You can choose of you want to compensate all emissions caused by your flight or only the engine emissions.
The European Emissions Trading Scheme (EU-ETS) is the EU's central climate protection instrument, covering emissions from around 10,000 installations in the energy sector and energy-intensive industry, as well as from intra-European air traffic.
The system operates on the principle of cap and trade, in which a cap is set on total emissions and emissions allowances are issued to facilities that are freely tradable.
The EU ETS has struggled with surpluses of emission allowances and price erosion in the past and has been revised by the "Fit for 55" package and further proposals of the EU Commission.
EU ETS stands for European Emissions Trading System. This is a system set up by the EU to reduce greenhouse gas emissions in Europe by placing a limited number of emission rights on the market each year, each of which entitles the holder to emit one ton of CO2 e. These emission rights can be traded, i.e. bought or sold by authorized market participants. These emission rights can be traded, i.e. bought or sold by authorized market participants.
For every ton of CO2 emitted by companies in the energy sector, industry and aviation, they have to buy emission rights. The amount of emissions is recorded annually and verified by the TÜV. The emitting companies have to submit emission rights for this quantit – otherwise penalties will be imposed. The number of emission rights are limited, however. By purchasing emission rights, we reduce the number of rights available, thereby forcing companies to emit fewer emissions.
The emission rights acquired by us are transferred to the trust account from our partner ForTomorrow.
The number of emission rights released to the market each year is based on the number of emission rights available. When emission rights purchased by us are retired, they are formally considered to be still available, which means that fewer new rights are issued the next year. When emission rights are cancelled, on the other hand, the available quantity is reduced, and more rights are released to the market the next year as compensation.

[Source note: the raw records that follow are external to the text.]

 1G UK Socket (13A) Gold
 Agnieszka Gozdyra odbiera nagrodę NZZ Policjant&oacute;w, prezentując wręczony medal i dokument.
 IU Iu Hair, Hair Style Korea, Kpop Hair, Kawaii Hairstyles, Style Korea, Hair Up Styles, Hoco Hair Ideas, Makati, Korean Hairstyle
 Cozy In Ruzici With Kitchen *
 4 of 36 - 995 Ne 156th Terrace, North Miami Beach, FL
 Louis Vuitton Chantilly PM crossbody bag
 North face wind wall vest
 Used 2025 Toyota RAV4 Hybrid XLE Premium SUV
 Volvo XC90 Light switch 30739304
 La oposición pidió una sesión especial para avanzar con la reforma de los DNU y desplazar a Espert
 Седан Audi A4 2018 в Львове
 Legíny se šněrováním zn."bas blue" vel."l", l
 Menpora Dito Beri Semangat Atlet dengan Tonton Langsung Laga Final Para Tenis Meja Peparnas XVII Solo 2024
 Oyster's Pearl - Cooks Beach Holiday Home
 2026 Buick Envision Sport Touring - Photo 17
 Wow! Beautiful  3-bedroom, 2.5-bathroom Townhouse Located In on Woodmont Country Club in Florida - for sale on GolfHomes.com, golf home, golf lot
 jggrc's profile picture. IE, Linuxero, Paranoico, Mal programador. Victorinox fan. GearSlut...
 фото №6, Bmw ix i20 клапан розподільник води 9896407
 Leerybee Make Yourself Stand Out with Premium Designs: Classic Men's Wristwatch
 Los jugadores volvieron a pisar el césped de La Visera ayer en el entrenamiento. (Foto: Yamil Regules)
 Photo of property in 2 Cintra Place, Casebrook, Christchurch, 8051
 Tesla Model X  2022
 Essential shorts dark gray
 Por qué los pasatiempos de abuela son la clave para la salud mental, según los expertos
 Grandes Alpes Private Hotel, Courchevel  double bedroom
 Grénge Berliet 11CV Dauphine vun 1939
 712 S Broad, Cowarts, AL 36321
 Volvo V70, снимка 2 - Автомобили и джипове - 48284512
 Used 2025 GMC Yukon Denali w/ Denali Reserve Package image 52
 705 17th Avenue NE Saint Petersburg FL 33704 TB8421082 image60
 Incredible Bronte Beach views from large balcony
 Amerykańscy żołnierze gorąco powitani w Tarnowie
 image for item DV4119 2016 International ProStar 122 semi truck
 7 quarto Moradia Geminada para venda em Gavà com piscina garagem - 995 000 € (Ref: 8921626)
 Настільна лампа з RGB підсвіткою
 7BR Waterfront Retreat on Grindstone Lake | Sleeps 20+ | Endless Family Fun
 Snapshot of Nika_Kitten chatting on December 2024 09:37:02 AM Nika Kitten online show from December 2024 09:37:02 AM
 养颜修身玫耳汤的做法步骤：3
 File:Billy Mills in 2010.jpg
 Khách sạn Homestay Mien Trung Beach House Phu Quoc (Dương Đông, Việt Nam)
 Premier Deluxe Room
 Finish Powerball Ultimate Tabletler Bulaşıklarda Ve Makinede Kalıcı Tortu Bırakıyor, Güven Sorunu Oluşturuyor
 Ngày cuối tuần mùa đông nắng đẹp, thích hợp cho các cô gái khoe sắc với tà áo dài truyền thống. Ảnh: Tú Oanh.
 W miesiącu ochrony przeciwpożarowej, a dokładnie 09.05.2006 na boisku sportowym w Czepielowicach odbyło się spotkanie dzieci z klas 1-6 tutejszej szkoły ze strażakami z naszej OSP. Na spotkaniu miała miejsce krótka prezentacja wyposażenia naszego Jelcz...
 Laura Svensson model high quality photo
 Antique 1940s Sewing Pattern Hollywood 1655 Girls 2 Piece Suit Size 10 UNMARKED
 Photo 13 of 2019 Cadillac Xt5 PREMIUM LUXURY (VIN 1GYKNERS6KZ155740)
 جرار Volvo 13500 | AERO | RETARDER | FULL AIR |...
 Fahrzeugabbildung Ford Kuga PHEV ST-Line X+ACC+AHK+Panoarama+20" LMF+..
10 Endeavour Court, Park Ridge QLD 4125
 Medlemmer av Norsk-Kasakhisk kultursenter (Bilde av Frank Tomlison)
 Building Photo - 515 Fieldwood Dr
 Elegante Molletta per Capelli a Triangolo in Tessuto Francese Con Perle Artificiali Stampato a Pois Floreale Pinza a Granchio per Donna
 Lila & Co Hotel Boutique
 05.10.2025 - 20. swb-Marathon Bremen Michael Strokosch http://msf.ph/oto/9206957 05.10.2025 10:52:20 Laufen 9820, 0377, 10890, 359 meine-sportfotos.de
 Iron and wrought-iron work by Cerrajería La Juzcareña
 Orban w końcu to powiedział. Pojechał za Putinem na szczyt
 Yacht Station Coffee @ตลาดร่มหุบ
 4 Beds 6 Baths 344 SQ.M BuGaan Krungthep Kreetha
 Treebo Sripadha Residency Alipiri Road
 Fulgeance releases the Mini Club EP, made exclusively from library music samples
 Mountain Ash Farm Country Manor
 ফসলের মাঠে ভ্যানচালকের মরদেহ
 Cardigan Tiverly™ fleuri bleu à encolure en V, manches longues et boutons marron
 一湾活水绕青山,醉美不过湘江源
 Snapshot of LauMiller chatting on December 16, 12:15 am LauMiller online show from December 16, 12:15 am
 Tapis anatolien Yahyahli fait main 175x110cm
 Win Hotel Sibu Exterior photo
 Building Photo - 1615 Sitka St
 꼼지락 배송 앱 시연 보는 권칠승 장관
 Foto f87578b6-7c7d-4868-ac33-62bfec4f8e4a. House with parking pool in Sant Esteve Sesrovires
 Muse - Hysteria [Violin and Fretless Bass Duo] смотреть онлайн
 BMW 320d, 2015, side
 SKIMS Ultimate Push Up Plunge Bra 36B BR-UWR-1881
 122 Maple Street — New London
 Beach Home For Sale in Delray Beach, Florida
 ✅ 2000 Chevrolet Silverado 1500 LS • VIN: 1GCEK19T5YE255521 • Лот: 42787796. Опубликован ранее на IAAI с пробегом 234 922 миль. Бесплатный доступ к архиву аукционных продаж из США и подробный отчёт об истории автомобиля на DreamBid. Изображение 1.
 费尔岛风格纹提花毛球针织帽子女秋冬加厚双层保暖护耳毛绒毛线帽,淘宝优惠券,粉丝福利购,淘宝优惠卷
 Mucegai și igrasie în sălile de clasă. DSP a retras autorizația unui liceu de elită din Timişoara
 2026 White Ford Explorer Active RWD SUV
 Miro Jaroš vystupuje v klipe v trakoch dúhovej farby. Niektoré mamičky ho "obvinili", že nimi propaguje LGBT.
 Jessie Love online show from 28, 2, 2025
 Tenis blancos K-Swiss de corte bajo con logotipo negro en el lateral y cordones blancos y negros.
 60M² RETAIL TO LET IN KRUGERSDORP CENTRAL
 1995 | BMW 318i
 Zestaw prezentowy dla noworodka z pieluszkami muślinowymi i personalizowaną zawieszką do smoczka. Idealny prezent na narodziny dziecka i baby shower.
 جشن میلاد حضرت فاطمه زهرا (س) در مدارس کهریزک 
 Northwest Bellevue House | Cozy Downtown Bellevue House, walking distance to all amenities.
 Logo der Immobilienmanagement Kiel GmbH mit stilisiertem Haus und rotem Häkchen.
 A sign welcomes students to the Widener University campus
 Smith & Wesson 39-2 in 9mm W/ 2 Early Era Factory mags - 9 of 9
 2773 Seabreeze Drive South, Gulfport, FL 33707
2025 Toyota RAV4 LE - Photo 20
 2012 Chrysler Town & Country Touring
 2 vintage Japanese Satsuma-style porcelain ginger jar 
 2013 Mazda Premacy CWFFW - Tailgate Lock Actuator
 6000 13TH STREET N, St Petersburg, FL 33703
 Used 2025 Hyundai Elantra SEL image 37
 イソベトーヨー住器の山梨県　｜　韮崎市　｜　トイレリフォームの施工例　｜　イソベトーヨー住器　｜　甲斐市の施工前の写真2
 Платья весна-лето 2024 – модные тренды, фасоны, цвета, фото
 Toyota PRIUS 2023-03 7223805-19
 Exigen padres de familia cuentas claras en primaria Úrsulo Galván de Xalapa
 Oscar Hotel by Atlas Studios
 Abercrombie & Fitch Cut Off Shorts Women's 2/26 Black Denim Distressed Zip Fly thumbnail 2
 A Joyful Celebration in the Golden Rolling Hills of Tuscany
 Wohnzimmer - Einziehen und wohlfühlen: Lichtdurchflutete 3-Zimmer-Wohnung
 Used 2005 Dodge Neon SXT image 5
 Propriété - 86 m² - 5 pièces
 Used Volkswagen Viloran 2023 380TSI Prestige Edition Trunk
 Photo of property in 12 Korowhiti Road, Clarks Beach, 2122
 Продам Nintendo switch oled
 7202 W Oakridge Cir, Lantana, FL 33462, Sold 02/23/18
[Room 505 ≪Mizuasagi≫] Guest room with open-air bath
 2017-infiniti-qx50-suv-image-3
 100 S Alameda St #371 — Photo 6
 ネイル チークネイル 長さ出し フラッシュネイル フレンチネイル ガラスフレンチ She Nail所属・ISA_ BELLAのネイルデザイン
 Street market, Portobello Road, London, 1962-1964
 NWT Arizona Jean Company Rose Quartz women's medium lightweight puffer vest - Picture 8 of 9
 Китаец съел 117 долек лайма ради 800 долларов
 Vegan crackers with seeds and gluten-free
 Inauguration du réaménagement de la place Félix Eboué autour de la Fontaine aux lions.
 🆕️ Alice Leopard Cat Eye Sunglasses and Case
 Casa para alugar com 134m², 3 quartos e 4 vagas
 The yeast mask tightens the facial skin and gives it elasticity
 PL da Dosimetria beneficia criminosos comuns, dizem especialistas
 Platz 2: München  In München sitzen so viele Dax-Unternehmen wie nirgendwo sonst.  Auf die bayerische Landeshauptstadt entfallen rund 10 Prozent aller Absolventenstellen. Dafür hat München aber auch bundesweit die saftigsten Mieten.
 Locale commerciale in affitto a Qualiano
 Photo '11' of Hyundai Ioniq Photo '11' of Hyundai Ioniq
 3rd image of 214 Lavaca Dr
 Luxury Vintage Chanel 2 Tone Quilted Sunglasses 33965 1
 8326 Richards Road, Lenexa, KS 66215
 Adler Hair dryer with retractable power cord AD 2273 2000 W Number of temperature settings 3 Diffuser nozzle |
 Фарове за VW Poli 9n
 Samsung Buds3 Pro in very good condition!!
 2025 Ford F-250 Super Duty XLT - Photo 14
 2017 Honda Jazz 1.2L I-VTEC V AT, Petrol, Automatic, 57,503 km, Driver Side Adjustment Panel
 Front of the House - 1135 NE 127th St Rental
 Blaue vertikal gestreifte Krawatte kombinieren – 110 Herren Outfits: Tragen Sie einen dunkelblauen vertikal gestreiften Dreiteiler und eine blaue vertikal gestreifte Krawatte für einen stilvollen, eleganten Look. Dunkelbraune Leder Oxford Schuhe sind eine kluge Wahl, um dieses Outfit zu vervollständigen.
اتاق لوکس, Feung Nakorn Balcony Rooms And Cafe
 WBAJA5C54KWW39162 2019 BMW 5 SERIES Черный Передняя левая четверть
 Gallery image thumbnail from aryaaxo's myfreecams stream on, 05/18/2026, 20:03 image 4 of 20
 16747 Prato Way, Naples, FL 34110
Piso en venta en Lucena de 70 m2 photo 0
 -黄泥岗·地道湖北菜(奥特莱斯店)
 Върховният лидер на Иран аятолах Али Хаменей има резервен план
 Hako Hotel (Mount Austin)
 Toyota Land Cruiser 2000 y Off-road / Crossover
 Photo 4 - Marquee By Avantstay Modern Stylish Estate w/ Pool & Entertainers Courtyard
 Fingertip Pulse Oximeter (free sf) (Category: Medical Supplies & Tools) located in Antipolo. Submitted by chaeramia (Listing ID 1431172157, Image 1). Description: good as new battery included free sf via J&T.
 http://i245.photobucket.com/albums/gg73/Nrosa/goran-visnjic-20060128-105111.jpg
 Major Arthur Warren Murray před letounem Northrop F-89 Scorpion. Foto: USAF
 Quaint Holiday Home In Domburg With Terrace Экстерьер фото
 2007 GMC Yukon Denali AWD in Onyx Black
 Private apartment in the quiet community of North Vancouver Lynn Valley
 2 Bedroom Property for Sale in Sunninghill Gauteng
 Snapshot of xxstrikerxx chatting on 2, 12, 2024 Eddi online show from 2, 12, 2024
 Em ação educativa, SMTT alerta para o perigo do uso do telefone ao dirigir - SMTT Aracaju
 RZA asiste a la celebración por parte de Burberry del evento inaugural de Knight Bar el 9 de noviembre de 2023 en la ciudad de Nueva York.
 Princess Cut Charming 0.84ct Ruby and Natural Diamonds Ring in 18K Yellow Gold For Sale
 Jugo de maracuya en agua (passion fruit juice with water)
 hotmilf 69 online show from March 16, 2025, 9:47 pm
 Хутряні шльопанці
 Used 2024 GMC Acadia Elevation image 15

The calculation of CO2 emissions for each flight is based on several variables, including flight distance, aircraft type, payload (total weight of passengers, baggage, and cargo), fuel consumption, and flight conditions.The emissions calculations take into account direct emissions from the aircraft engine as well as indirect emissions resulting from the production and transportation of fuel, airport operations, and aircraft maintenance. Our calculation methodology is based on the standards and guidelines of the International Civil Aviation Organization's (ICAO) Carbon Emissions Calculator, the International Air Transport Association (IATA) and the Intergovernmental Panel on Climate Change (IPCC). The calculation of CO2 emissions is intended for informational purposes only and does not claim to be completely accurate. While we strive to provide the most current and accurate information, actual emissions may vary due to a number of factors, including changes in flight path, weather conditions, and aircraft operations.
The sale takes place via the individual EU member states. In Germany, the proceeds go to the Climate and Transformation Fund. The fund is used to support programs such as federal funding in the building sector, the further development of electromobility including the expansion of the charging infrastructure, the development of the hydrogen industry or the promotion of energy efficiency.